Nobody in their right mind opens a greyhound track!

A couple of years on and Hesketh and his charismatic Chief Executive Kevin Ackerman (Team Hesketh was built on spotting and nurturing outstanding young talent) would admit to having made mistakes.

Wrong advice was something taken and mistakes were paid for as other racecourse promoters rolled their eyes knowingly.

In hindsight they might have cloned the best greyhound circuit in the world instead of listening to ‘experts’ and attempting to create one. They might have managed their racing strength differently.

But they got so much more right than wrong. Towcester’s spectator facilities are superb. They offer huge prize money, they engage with their trainers, and are prepared to take on some of the major racing fixtures that no one else wants to accommodate.

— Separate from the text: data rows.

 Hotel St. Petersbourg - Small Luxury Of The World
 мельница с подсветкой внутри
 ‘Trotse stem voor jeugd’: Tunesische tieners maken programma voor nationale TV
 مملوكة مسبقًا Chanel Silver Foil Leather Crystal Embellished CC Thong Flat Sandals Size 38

And when the Big Brother Bookie informed Hesketh that he should dumb down his racing or else . . . he was metaphorically escorted off the premises.

 

To take on the might of Ferrari and McLaren you need barrowloads of self belief and Alexander Hesketh exudes that spirit of dashing aristocratic Britishness that 200 years earlier might have been claiming a new colony for king and country, or charging into Sevastapol on a white steed.

But there was nothing reckless about this venture. Team Hesketh saw a different opportunity in greyhound racing. As they approach their second birthday, they are about to roll out their new prototype.

On Saturday Towcester stage their first morning fixture. No deals have been announced – but you can bet your best ermine that somewhere the ink is drying on a parchment in a solicitor’s in-tray. Possibly, more than one document. . . and the timing could not be more opportune.

The current BAGS/SIS battle is coming to a head. It could, if it went septic, cost the industry probably half of its remaining 24 tracks. So many tracks have tied their futures into one organisation and many could be gone by January.

Towcester isn’t in the ‘bookmaker owned’ camp or even part of the new media group. Instead, they have looked to engage different partners and offer the digital age betting industry, at home and abroad, a broadcasting alternative to SIS/BAGS.

There will be a line of promoters insisting that it won’t work. But what if it does?

While current thinking is that greyhound racing’s main role is to provide filler for betting shops, Towcester are thinking bigger.

Fundamentally, they believe in the core product. (There would be a lot of first-time racegoers who would agree with them).

Hesketh and his team can see a product that is tailor made for gambling from the home, office, and all points in between. It is far cheaper than horse racing, and easier to follow and manage.

Technology now makes it easily deliverable and nobody disputes that on-line gambling is the future of the betting industry.

Compared to that famous day in January 1975, this is an easier race to win.